Last edited: Dec 5, 2013
4. Dec 5, 2013

### dauto

The CKM matrix is only meaningful as a factor in a term in the lagrangean.
That term will also have fields (in fact 2N quark fields).
You can remove degrees of freedom from the matrix by transferring phase factors from the matrix to the fields and absorbing the phases into the fields - that is, you redefine the fields to include the phase in their definition.
You would think naively that that process would allow you to remove 2N phases from the matrix but if you chose all the phases transferred to the quarks to be identical to each other, the CKM matrix won't be affected at all. That means that one overall arbitrary common phase for the all the quarks cannot be fixed which means you really end up removing only 2N -1 degrees of freedom from the CKM matrix.

5. Dec 5, 2013

### dauto

That matrix does indeed have four parameters and as pointed out above, it isn't unitary. Unitary does not mean diagonal.

6. Dec 5, 2013

### ChrisVer

Not really dauto... in fact it has 4 parameters, but you have no way to say they are independent :p it can equivalently be 2 (since it's symmetric)

7. Dec 5, 2013

### dauto

point taken

8. Dec 6, 2013

Staff Emeritus
I know the matrix that I posted was not unitary. That was the point. That's why I wrote "see the problem?"

If I can construct a non-unitary matrix from the N^2 free parameters, then N^2 is not the right number of free parameters. Do we agree?

9. Dec 6, 2013

### ChrisVer

A $n×n$ matrix with complex entries has $2n^{2}$ parameters from which you can fully determine it. Now if a matrix $A$ is unitary:
$AA^{τ}=A^{τ}A=1$ (τ is the hermitian conjugate)
this drops your free parameters by $N^{2}$, because while before you had all complex entries now you can get rid of the "complex" part of the diagonal, and relate the up to the down off-diagonal elements, thus you fall by $N^{2}$.
So for any unitary matrix $A_{n×n}$ you need $n^{2}$ real parameters to determine it.

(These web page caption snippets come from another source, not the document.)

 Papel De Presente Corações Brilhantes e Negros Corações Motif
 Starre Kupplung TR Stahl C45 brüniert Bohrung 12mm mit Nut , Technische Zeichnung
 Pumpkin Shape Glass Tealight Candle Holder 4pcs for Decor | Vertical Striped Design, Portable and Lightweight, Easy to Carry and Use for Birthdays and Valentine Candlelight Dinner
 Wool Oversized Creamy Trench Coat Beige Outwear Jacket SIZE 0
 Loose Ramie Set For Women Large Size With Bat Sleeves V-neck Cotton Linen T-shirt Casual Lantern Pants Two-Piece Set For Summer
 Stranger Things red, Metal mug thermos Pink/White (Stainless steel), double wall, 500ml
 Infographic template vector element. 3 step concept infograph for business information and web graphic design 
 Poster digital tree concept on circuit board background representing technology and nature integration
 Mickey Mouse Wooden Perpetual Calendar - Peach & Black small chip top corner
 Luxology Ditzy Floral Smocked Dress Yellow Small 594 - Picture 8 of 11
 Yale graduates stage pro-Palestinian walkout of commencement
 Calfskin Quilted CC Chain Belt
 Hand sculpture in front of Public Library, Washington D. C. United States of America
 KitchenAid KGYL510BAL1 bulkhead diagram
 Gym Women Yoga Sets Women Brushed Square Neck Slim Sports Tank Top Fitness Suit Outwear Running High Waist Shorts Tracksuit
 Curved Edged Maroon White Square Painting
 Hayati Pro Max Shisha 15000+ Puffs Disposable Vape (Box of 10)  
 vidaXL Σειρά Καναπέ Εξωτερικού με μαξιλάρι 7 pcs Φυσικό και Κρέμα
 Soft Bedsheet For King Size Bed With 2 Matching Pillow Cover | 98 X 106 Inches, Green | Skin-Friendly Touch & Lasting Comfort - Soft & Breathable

The other way around is not always true. For example a real NxN matrix has N2 elements, but it of course doesn't have to be unitary...

10. Dec 6, 2013

Staff Emeritus
Let me say it again. I know the matrix that I posted was not unitary. That was the point. That's why I wrote "see the problem?"

The question is why N^2 is wrong. That is why I showed a counterexample. And then wrote "see the problem".

11. Dec 6, 2013

### ChrisVer

My question was that I didn't understand how, out of the transformations stated above, the overall phase is being absorbed in the quark fields IN SUCH a way that you get $2N-1$ constraints...
The $F_{u} F_{d}$ matrices would bring 2N phases, and i was missing the 1

12. Dec 6, 2013

### dauto

Did you see my post? I tried to explain the missing 1.

13. Dec 6, 2013

### ChrisVer

Yeah I did it already...I just reexplained the question coz there was a confusion...